GIVEN DATA —
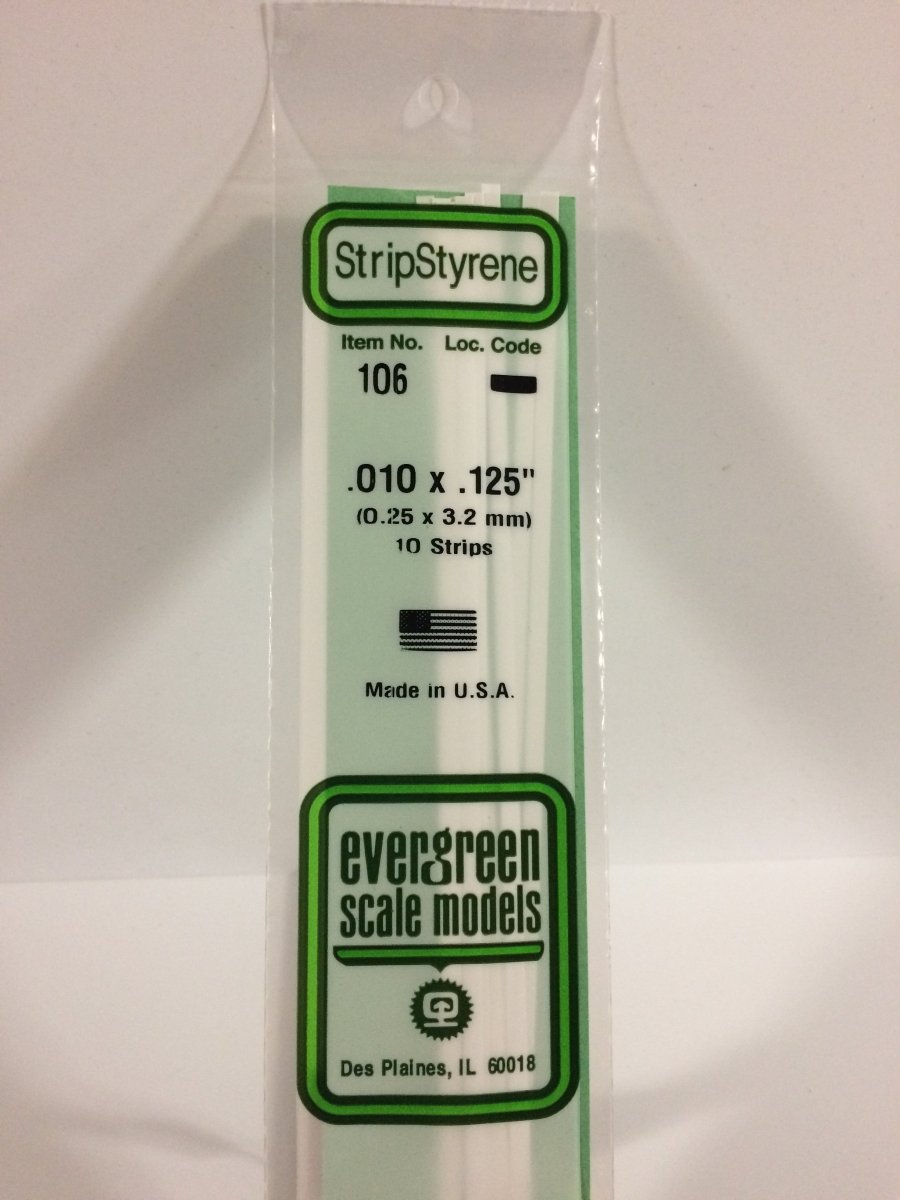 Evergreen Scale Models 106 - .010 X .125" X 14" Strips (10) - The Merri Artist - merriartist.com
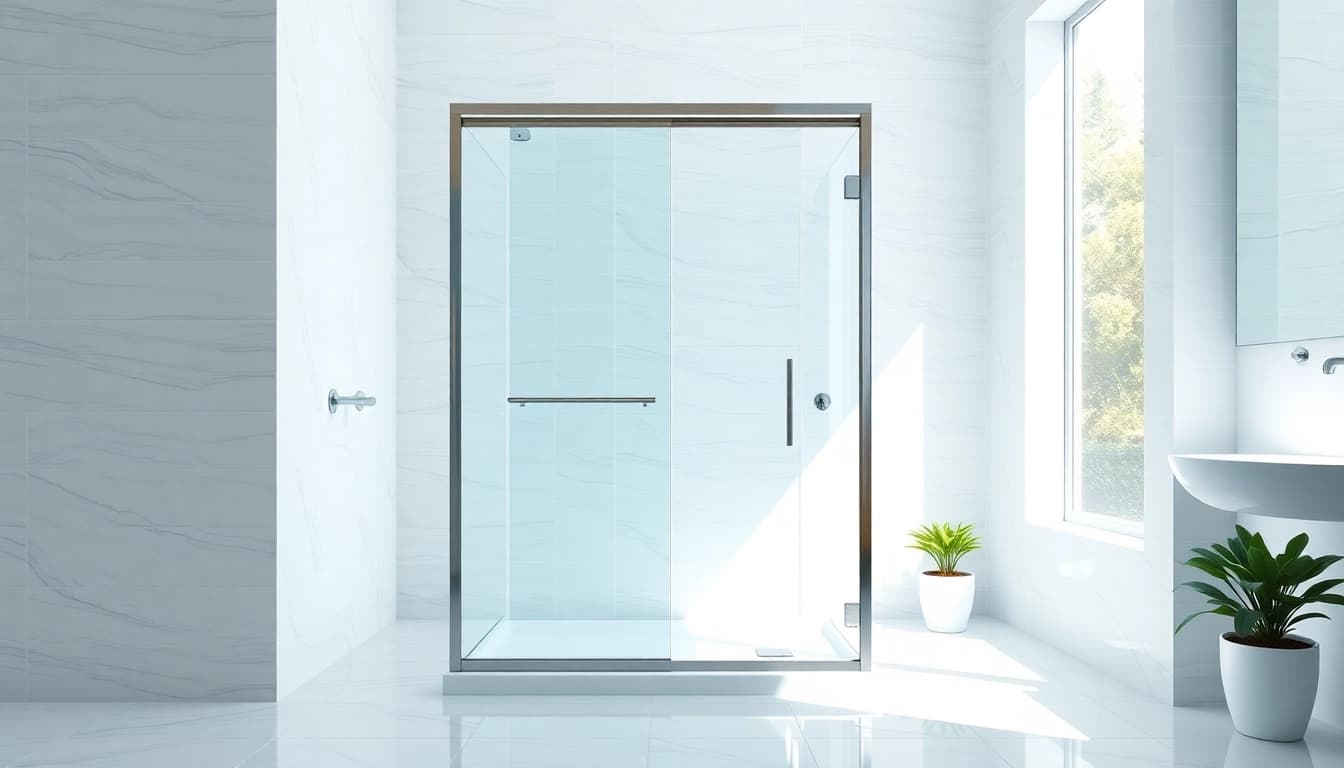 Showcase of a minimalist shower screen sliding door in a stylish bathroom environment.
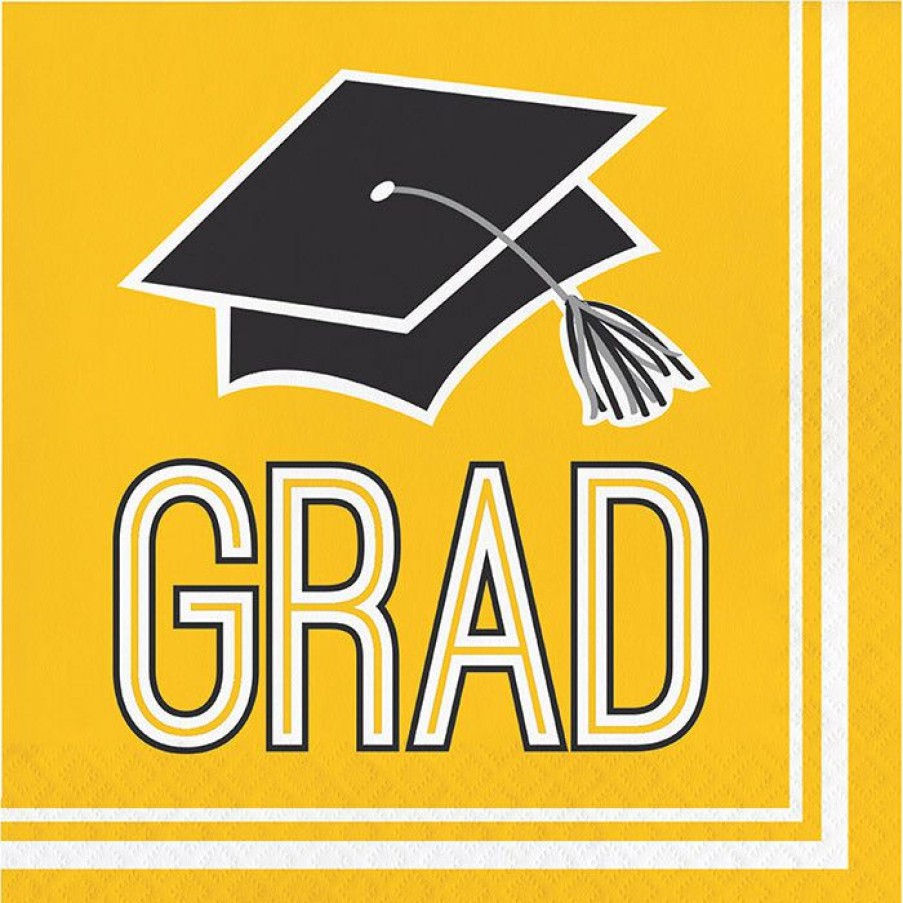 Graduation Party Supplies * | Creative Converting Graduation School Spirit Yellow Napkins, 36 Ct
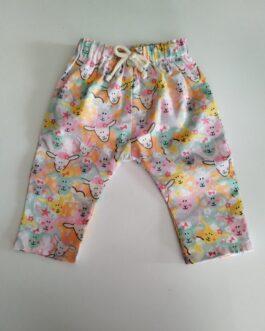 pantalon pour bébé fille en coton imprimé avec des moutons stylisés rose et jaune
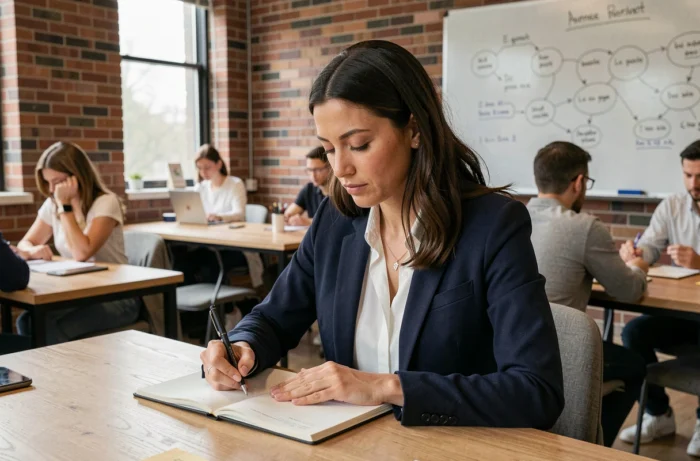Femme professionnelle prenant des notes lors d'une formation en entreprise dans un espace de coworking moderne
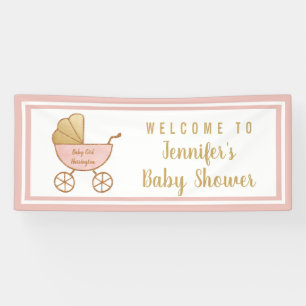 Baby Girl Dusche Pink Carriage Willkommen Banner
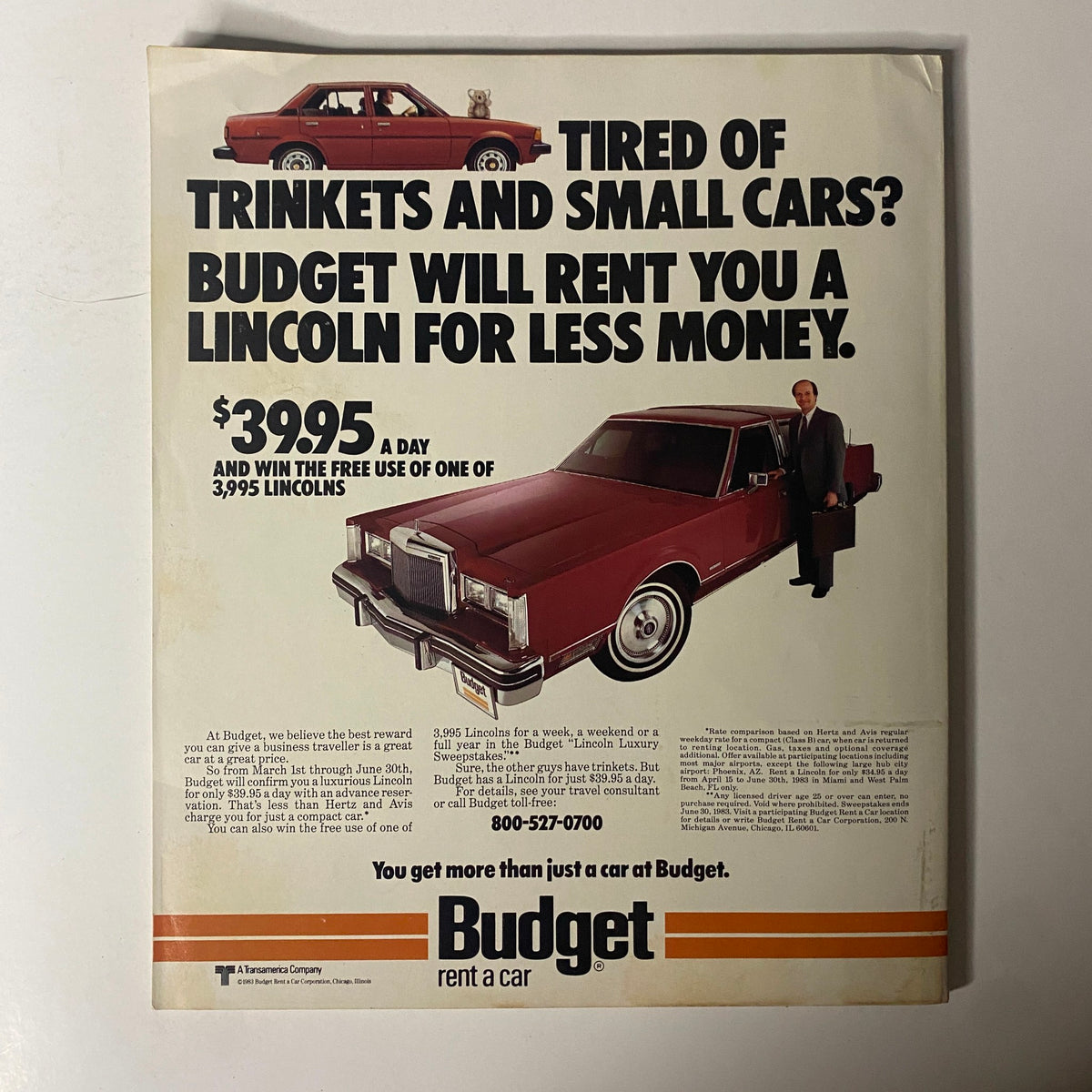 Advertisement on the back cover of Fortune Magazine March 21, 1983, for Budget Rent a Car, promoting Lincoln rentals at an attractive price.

GOAL OF THE EXERCISE — Skip all pictures. Then give again, exactly, each line from the line holding "Graduation Party Supplies" through the last line of the listing above, both ends included.

RESPONSE TO THE EXERCISE —
 Graduation Party Supplies * | Creative Converting Graduation School Spirit Yellow Napkins, 36 Ct
 pantalon pour bébé fille en coton imprimé avec des moutons stylisés rose et jaune
Femme professionnelle prenant des notes lors d'une formation en entreprise dans un espace de coworking moderne
 Baby Girl Dusche Pink Carriage Willkommen Banner
 Advertisement on the back cover of Fortune Magazine March 21, 1983, for Budget Rent a Car, promoting Lincoln rentals at an attractive price.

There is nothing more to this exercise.